Crossover for Mac running Steam. I don’t think Apple lets you run Games on a Mac since it would ruin the aesthetic.
TBH My Mac OS Steam Library is mostly more casual games. BL2 and No man’s Sky are probably the newest AAA on there.
I play a few games on Mac, mostly No Man’s Sky. Straight from Steam, nothing else needed.
Apple is trying to get games running on macOS, most obviously with the Game Porting Toolkit to make it easier for developers to release Mac versions, but they still face an uphill climb mostly because of the reputation that Macs can’t run games.

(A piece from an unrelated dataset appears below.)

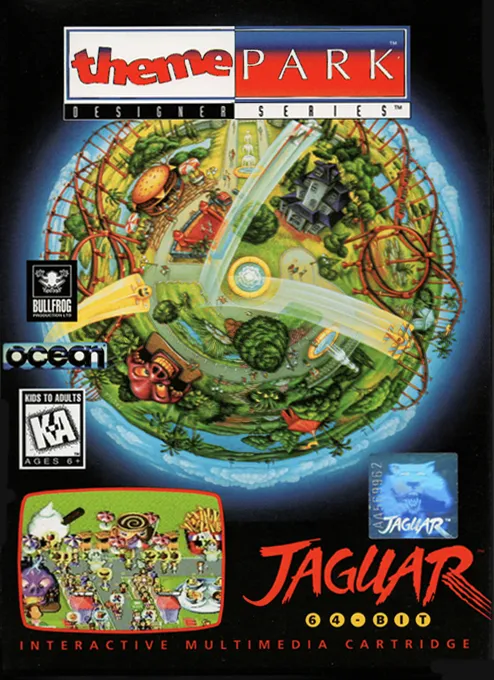 Theme Park box art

Of course, Apple would also prefer that these games be sold on the App Store instead of Steam or the Epic Games Store, and I think a lot of developers aren’t too interested in that.
It would be funny if gaming on Linux ends up getting more traction than macOS because of Valve’s efforts with Proton despite the much larger macOS market share.
I’d argue it already has honestly.
As far as Steam goes, Linux is already a full 1% ahead of MacOS in market share. Windows is still massively dominant.
I think it’s a bit redundant to say Windows is still massively dominant. If that weren’t the case, it would be all anyone was talking about on Lemmy.